Draft EU Regulation Proposes Curbs on AI for SurveillanceRegulation Would Restrict Use of Facial Recognition - Exempting Military Use
European politicians continue to debate the extent to which artificial intelligence should be allowed in public and other spaces, and are attempting to advance the discussion by setting definitions and agreeing on standards.
The 81-page draft aims to address privacy concerns about what it refers to as "high-risk AI systems," such as remote use of biometrics in public places, whether by government or private-sector organizations.
“The rules established by this regulation should apply to providers of AI systems irrespective of whether they are established within the [EU] or in a country outside the [EU],” the draft states.

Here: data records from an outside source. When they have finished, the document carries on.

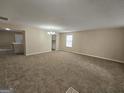 Spacious living room featuring neutral paint, plush carpeting, and a view of the kitchen at 1110 Saint Phillips Ct, Locust Grove, GA 30248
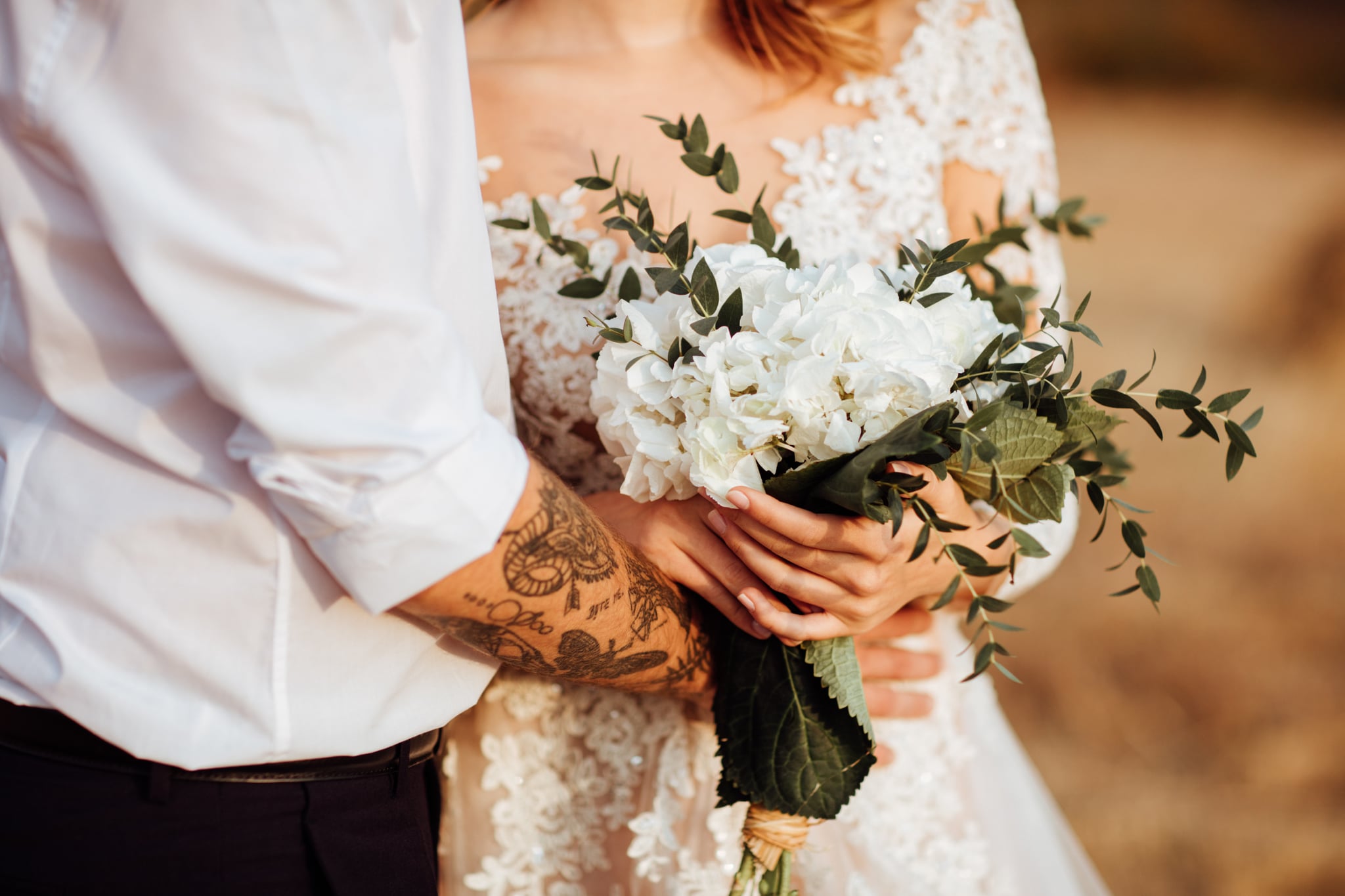 Close Up Image of a Bride Holding a Bouquet of Flowers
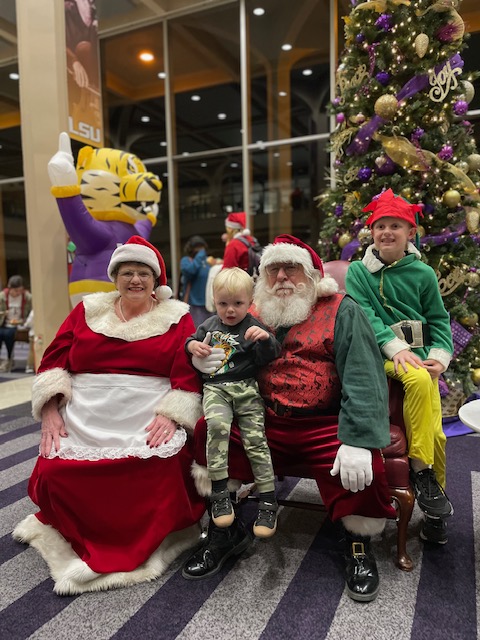 Santa Claus and Mrs. Claus with children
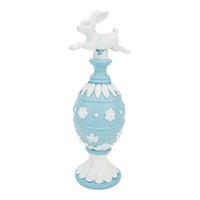 Blue and white decorative Easter egg with bunny figurine, floral accents, home décor accent piece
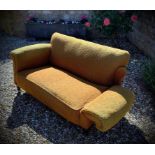 A 19th century? Victorian 2 seater drop arm sofa in ochre fabric.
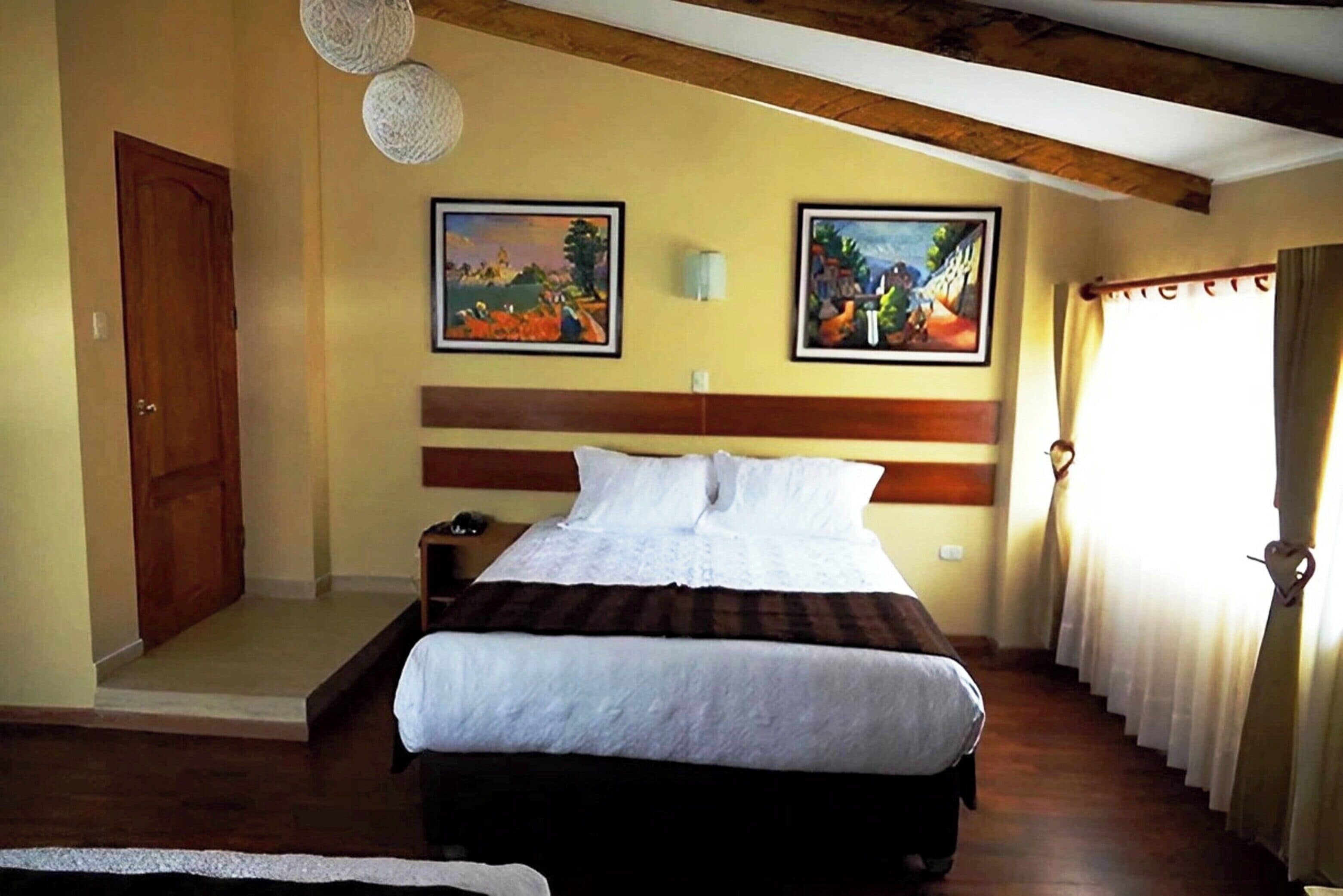 Quarto de hotel com cama, cabeceira de madeira, duas pinturas na parede, mesa de cabeceira e janela com cortinas.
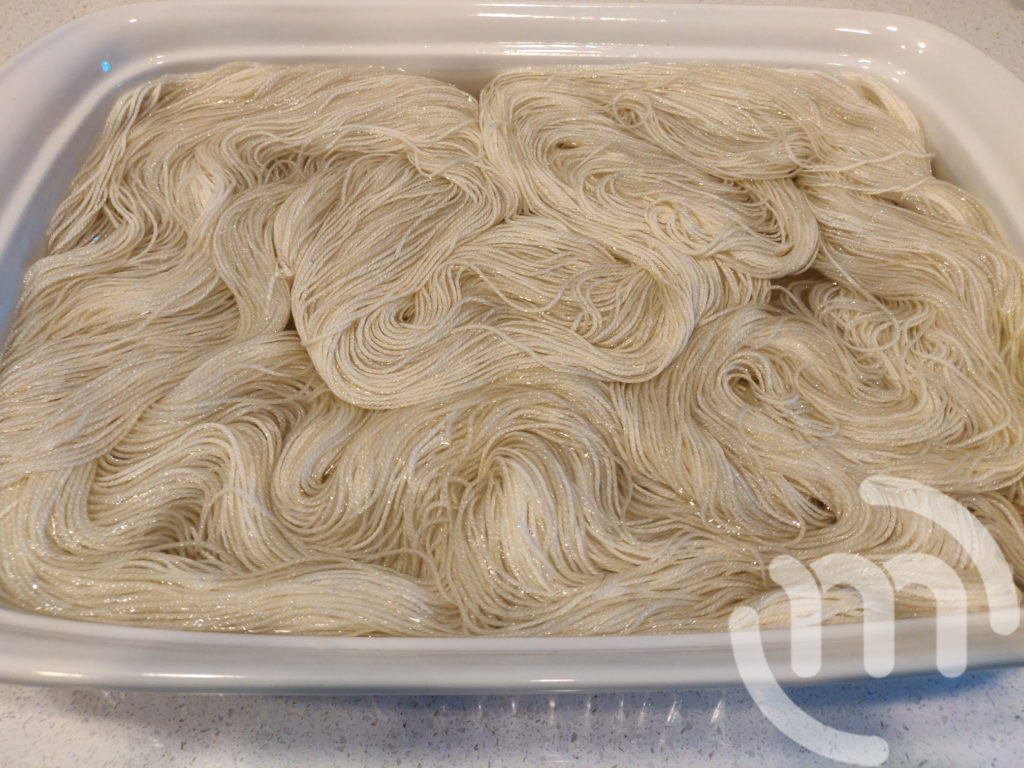 Pre-soaking yarn in caserole dish and tap water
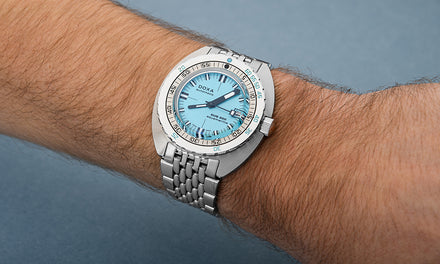 A wrist wears the DOXA Sub 300 watch with a light blue dial and silver-tone strap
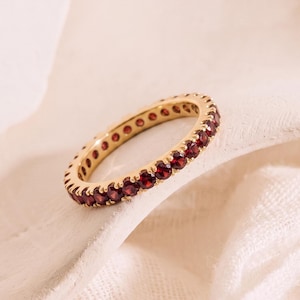 Könnte beinhalten: Ein goldener Eternity-Ring mit einer durchgehenden Reihe kleiner, runder, tiefroter Granat-Edelsteine, die in einen polierten Metallrahmen gefasst sind. Der Ring ist kreisförmig mit gleichbleibender Breite und einer einheitlichen Anordnung der Steine.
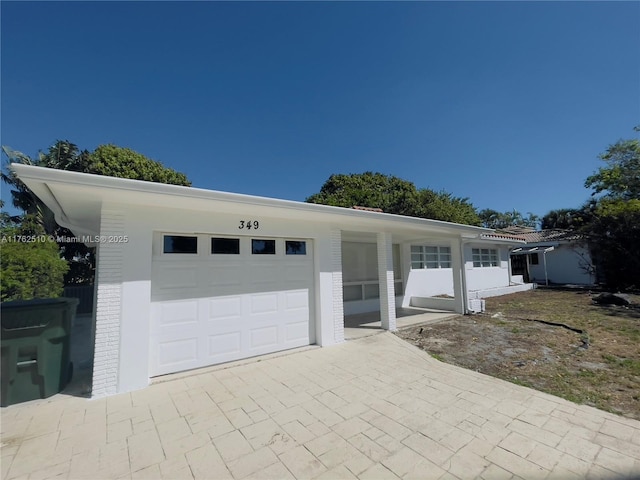 garage featuring driveway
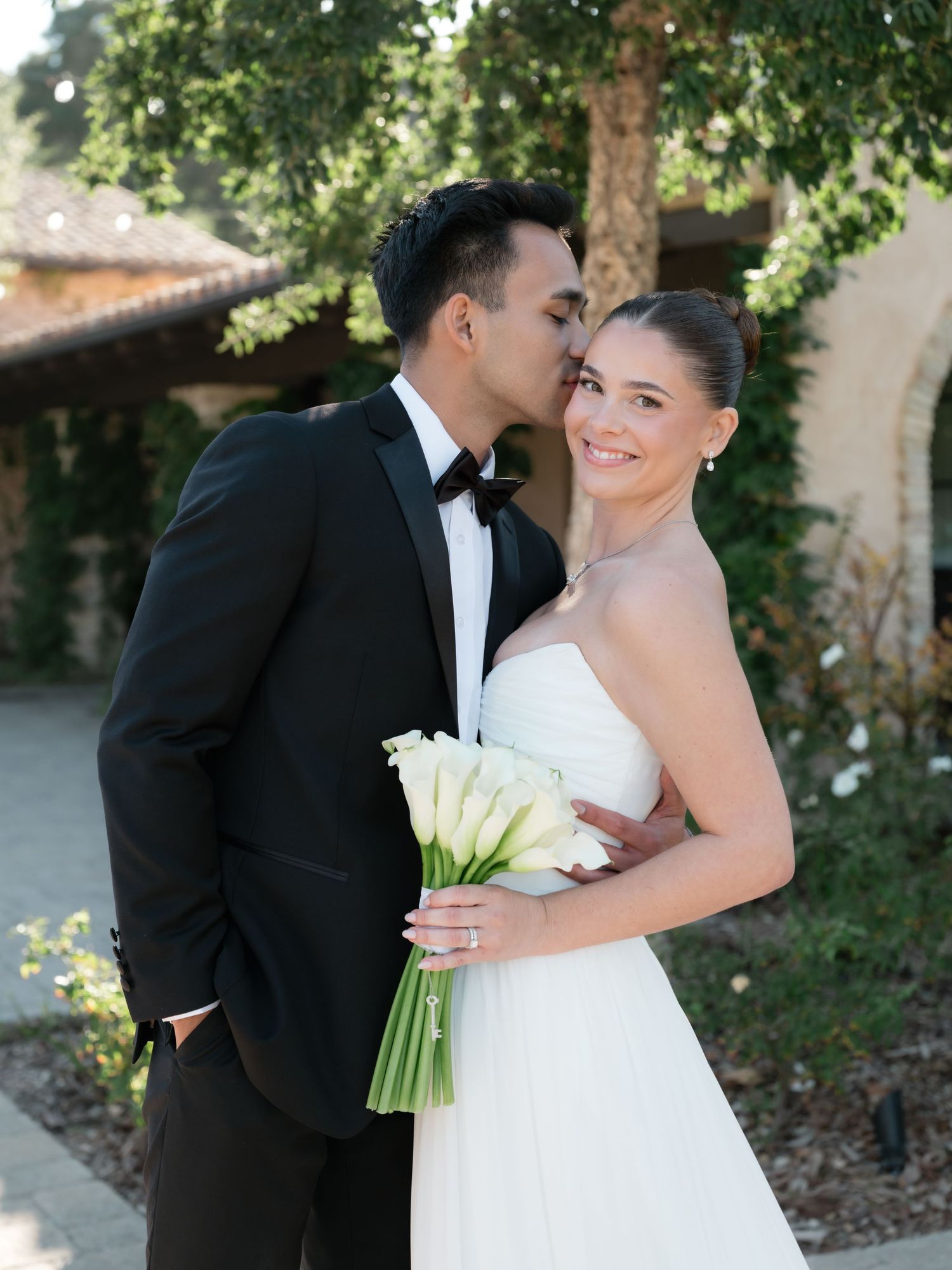A bride and groom share intimate moments in a garden setting with natural lighting and white calla lily bouquet.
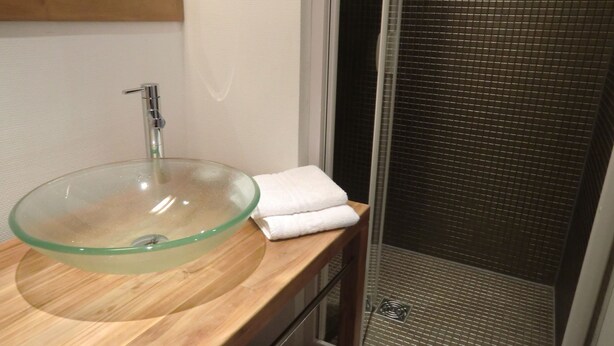 A bathroom with a glass sink, wooden countertop, and a shower area with a tiled floor.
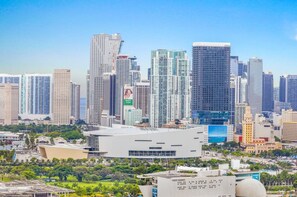 A cityscape with modern high-rise buildings, a large white building with a dome, and a park area with trees. - City Vibes Ocean View Next to Art Basel (Miami)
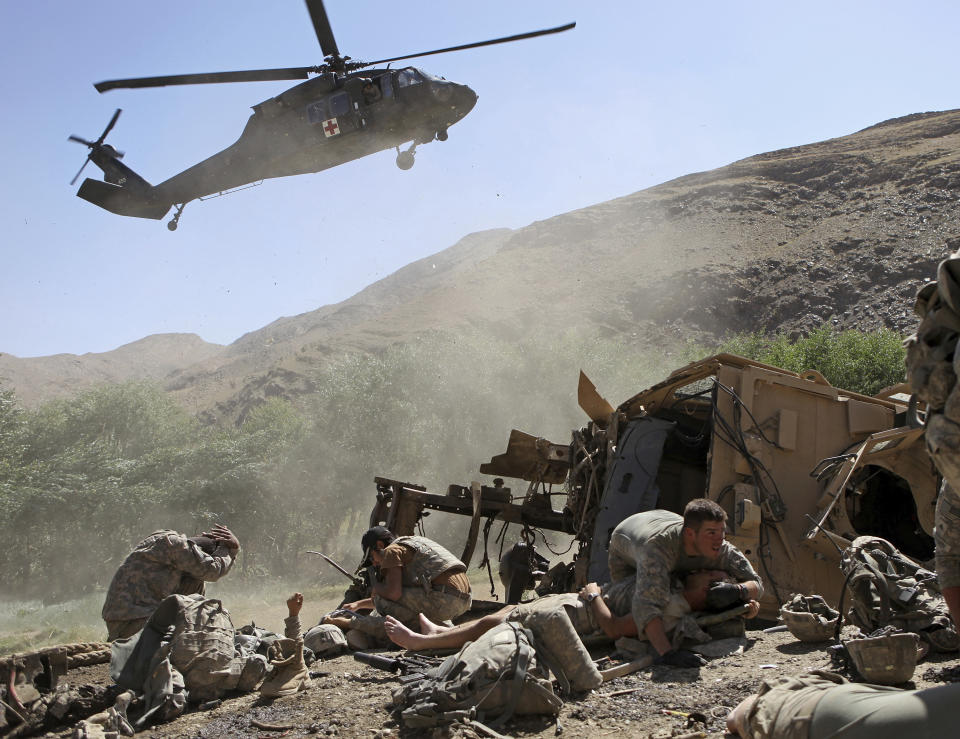 Spc. Paul Pickett, 22, of Minden La., right, of the U.S. Army's Apache Company, 2nd Battalion 87th Infantry Regiment, part of the 3rd Combat Brigade 10th Mountain Division based out of Fort Drum, N.Y., covers an injured U.S. soldier as a helicopter lands to evacuate the wounded after their armored vehicle hit an improvised explosive device in the Tangi Valley of Afghanistan's Wardak Province on Aug. 19, 2009. (AP Photo/David Goldman, File)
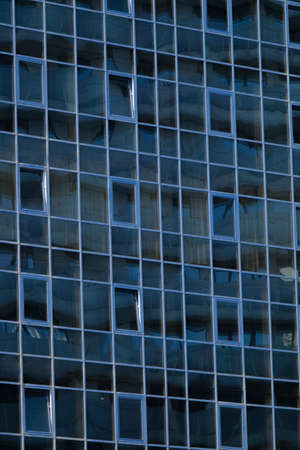 Front view of sky and cloud reflection on modern office building glass wall and windows in the city business areaの写真素材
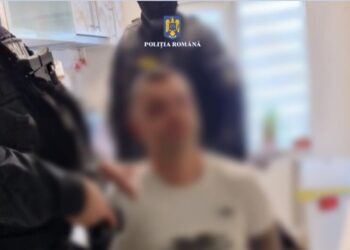 Un bărbat a fost reținut pentru că a tras cu arma de la fereastra locuinței sale din centrul municipiului Giurgiu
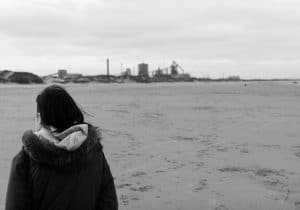 A monochrome street photograph featuring a woman strolling on the beach.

In August 2019, a developer's use of facial recognition software around the Kings Cross railway station in London sparked controversy about violations of the EU's General Data Protection Rule's privacy provisions, and the project was abandoned (see: Use of Facial Recognition Stirs Controversy).
What Would Be Prevented?
The aim of the regulation is to "establish common normative standards for all high-risk AI systems.” These standards would apply to methods of surveillance that include monitoring and tracking of people "in digital or physical environments, as well as automated aggregation and analysis of personal data from various sources.” This includes the use of facial recognition and biometric identification, as well as algorithmic social scoring of individuals based on their online and offline activities. The proposal also calls for prohibition of the sale, deployment or use of AI-powered systems that can generate images, audio or video content intended to manipulate human behavior, opinions or decisions.
Organizations that violate the proposed regulation would face a fine of up to 4% of their global revenue.
But military use of AI systems would be exempt from compliance.
More Clarity Sought
Daniel Leufer, a European policy analyst, says the EU's proposed regulation lacks clarity and contains several loopholes, including the lack of limitations on AI use by the military.
"There is lots more to unpack, and plenty of other red flags, but … Article 52 on the establishment of an EU database on high-risk systems would create a publicly viewable database of high risk systems used in the EU ... excellent," Leufer said in a Wednesday tweet.
Leufer calls for expansion of the current proposals on limiting the use AI to include all public sector AI systems, regardless of their assigned risk level. "This is essential because people typically do not have a choice about whether or not to interact with an AI system in the public sector," he added.
After going through the full 80+ pages of this leaked draft of the @EU_Commission's regulatory proposal on AI, here are some initial comments:— Daniel Leufer (@djleufer) April 14, 2021
- First, this leak is of a draft from January, so it's likely, and hopeful, that the draft has significantly progressed since then https://t.co/c9tUWyF6Xb
Over the past several years, the use of facial recognition and other AI technologies has stoked privacy concerns in Europe and other parts of the world. Concerns include data harvesting, unauthorized tracking, misuse of data for credential stealing and potential identity theft.
In August 2019, Sweden's Data Protection Authority issued its first fine for violations of EU's General Data Protection Regulation after a school launched a facial recognition pilot program to track students' attendance without proper consent (see: Facial Recognition Use in UK Continues to Stir Controversy).
In March 2020, the American Civil Liberties Union filed a Freedom of Information Act lawsuit against the U.S. Department Of Homeland Security and three of its agencies in an effort to learn more about how the department uses facial recognition technology at airports and the country's borders (see: ACLU Files Lawsuit Over Facial Recognition at US Airports).
In the lawsuit, the ACLU alleged that the agencies' increasing use of facial recognition technology at airports and at border crossings to scan travellers faces could pose "profound civil-liberties concerns" and enables "persistent government surveillance on a massive scale."
Last year, Jay Inslee, governor of the state of Washington, signed a new law that restricts how the state's agencies can use facial recognition technology and requires law enforcement agencies to obtain a warrant before they can use the technology for a criminal investigation (see: Washington Governor Signs Facial Recognition Law).